# Brazil + Spain Importers Implementation Plan
> **For agentic workers:** REQUIRED: Use superpowers:subagent-driven-development (if subagents available) or superpowers:executing-plans to implement this plan. Steps use checkbox (`- [ ]`) syntax for tracking.
**Goal:** Add two new church importers — horariodemissa.com.br (8,895 Brazilian churches + 28,523 mass times) and misas.org (17,919 Spanish churches with coordinates).

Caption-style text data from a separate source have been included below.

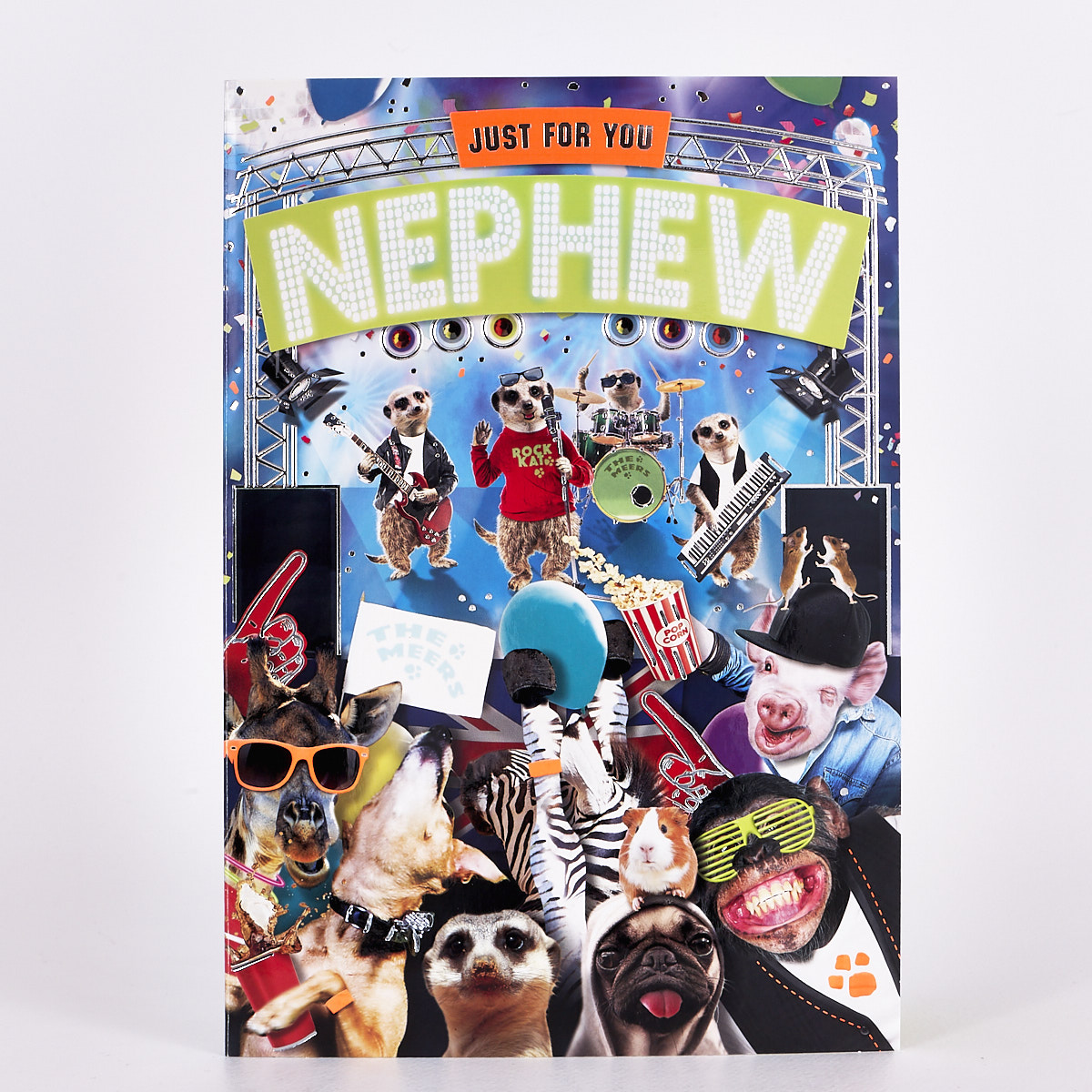 Signature Collection Birthday Card - Nephew, Wild Animals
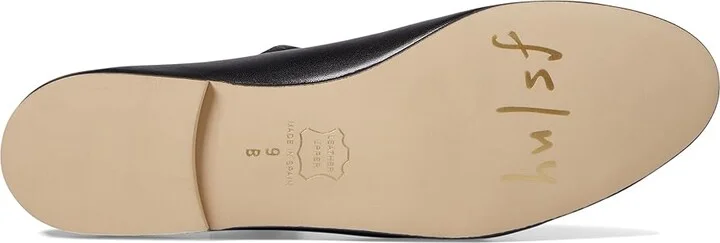 French Sole Lacey Women's Flat Shoes Black : 7.5 M, Leather - Image 3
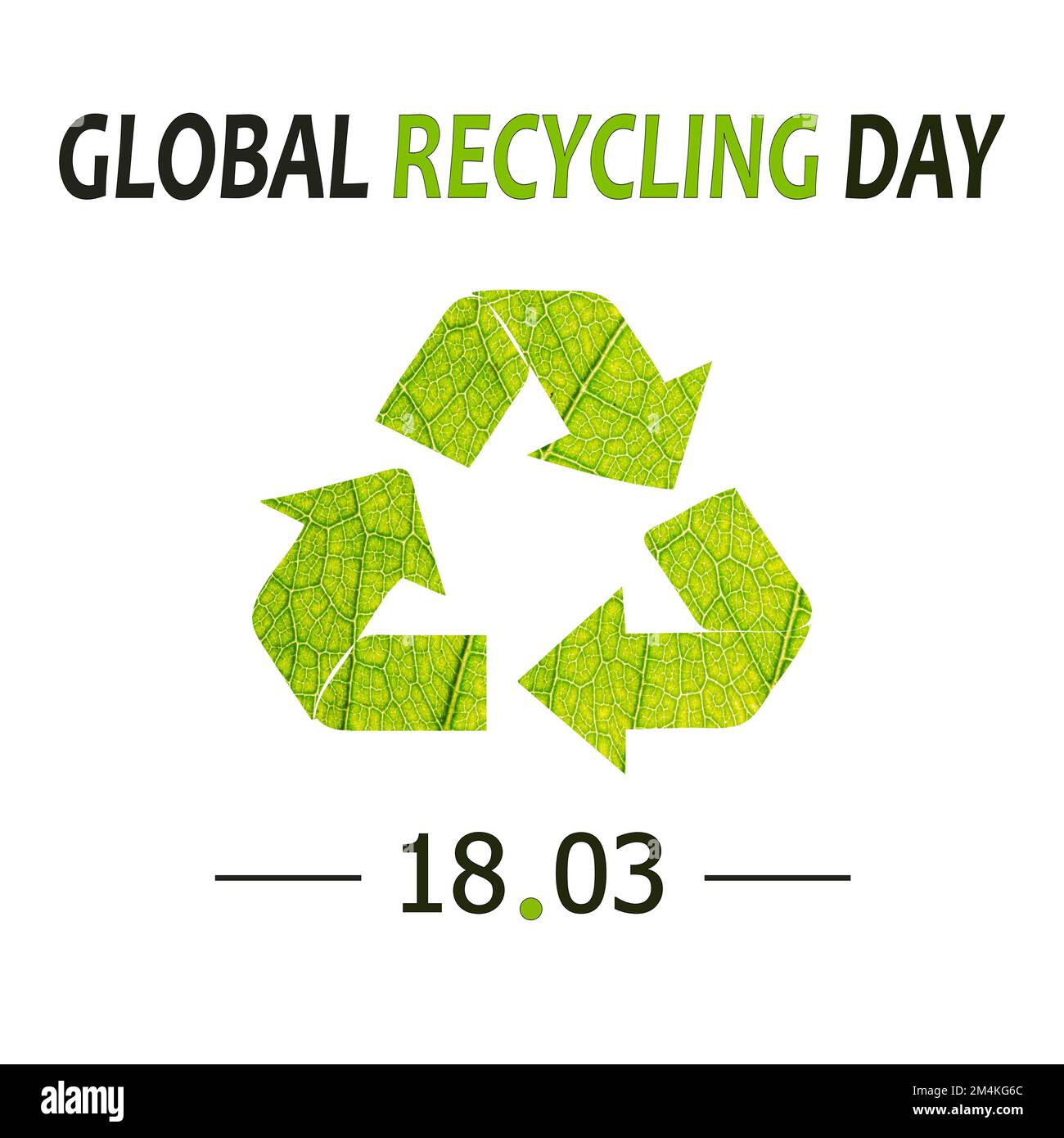 Global Recycling Day. Recycle Symbol. March Stock Vector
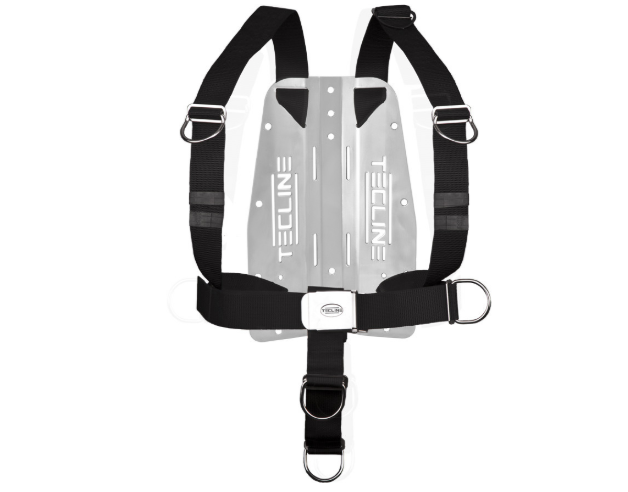 Tecline Harnas DIR + Back plate RVS 3mm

**Architecture:** Chunk 1 (shared prerequisites) must complete first. Tasks 3–5 (Brazil) and Tasks 6–7 (Spain) are independent and can run in parallel as subagents. All scripts follow the established importer pattern: fetch → regex parse → church-matcher dedup → prisma upsert.
**Tech Stack:** TypeScript, tsx, native `fetch`, regex HTML parsing (matchAll), Prisma + pg, church-matcher
**Spec:** `docs/superpowers/specs/2026-03-10-brazil-spain-importers-design.md`
---
## Chunk 1: Shared Prerequisites (schema + church-matcher)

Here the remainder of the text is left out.